# Transformers

This page discusses the layers of the Torch that implements transformers architecture.

In [3]:
import torch

## Encoder layer

The encoder layer is implemented using the `torch.nn.TransformerEncoderLayer`.

The crucial parameters:

- `d_model`: The dimentionality of the processed sequence unit.
- `nhead`: Number of heads that process the sequence.


The ouput of the layer has the same dimentionality as the input.

---

The following cell defines the regular encoder layer.

In [6]:
encoder = torch.nn.TransformerEncoderLayer(
    d_model=5, nhead=1, batch_first=True
)

Here is defined the kind of input it supposes to process:

In [10]:
inp = torch.rand(32, 10, 5)

A batch of 32 data units, each of which is a sequence of 10 elements from $\mathbb{R}^5$.

In [11]:
encoder(inp).shape

torch.Size([32, 10, 5])

## Transformer encoder

A transformer encoder is an object that stacks a specified number of the transformer layers together. The output of the each layer just becomes the input of the following layer.

---

The next code shows how to initialize the transformer encoder.

In [40]:
transformer_encoder = torch.nn.TransformerEncoder(
    encoder_layer=torch.nn.TransformerEncoderLayer(
        d_model=5, nhead=1, batch_first=True
    ),
    num_layers=2,
    enable_nested_tensor=False
)

Here is an example data shape that can be processed by the `TransformerEncoder` defined earlier.

In [36]:
inp = torch.rand(32, 10, 5)

Here is an example of the data that came through the layer.

In [37]:
transformer_encoder(inp).shape

torch.Size([32, 10, 5])

### Nested tensor

The `TransformerEncoder` has a parameter `enable_nested_tensor`. `True` value forses torch to use special datastucture - nested tensor which is optimised to work with seqences.

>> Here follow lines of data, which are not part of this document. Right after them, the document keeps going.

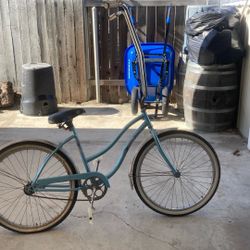 Blue Woman’s Beach Cruiser With Monkey Handlebars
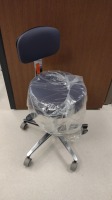 PEDIGO ROLLING STOOL WITH BACK (NEW)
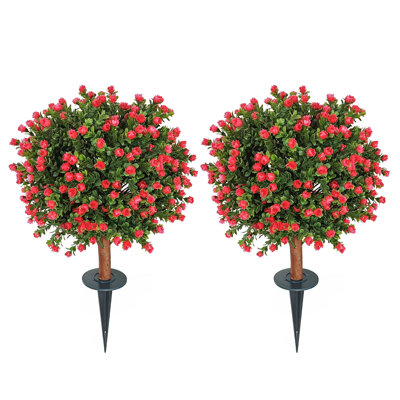 24" 2-Piece Artificial Rose Topiary Set for indoor outdoor use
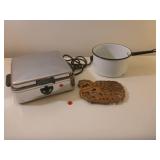 Vintage Waffle Iron, Agate Pan, Rooster Trivet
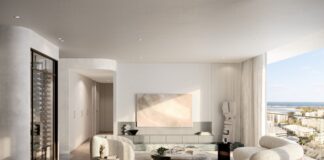Artist's impression: living room in one of the single-level penthouses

**Note:** Nested tensors have requirements for the data they process. If the dimentionality of the data is not even, torch automatically sets the value of `enable_nested_tensor` to `False`.

---

The following cell attempts to define a `TransformerEncoder` that uses a nested tensor with `TransformerEncoderLayer` that have an odd dimentionality for the input tensor.

In [42]:
transformer_encoder = torch.nn.TransformerEncoder(
    encoder_layer=torch.nn.TransformerEncoderLayer(
        d_model=5, nhead=1, batch_first=True
    ),
    num_layers=2,
    enable_nested_tensor=True
)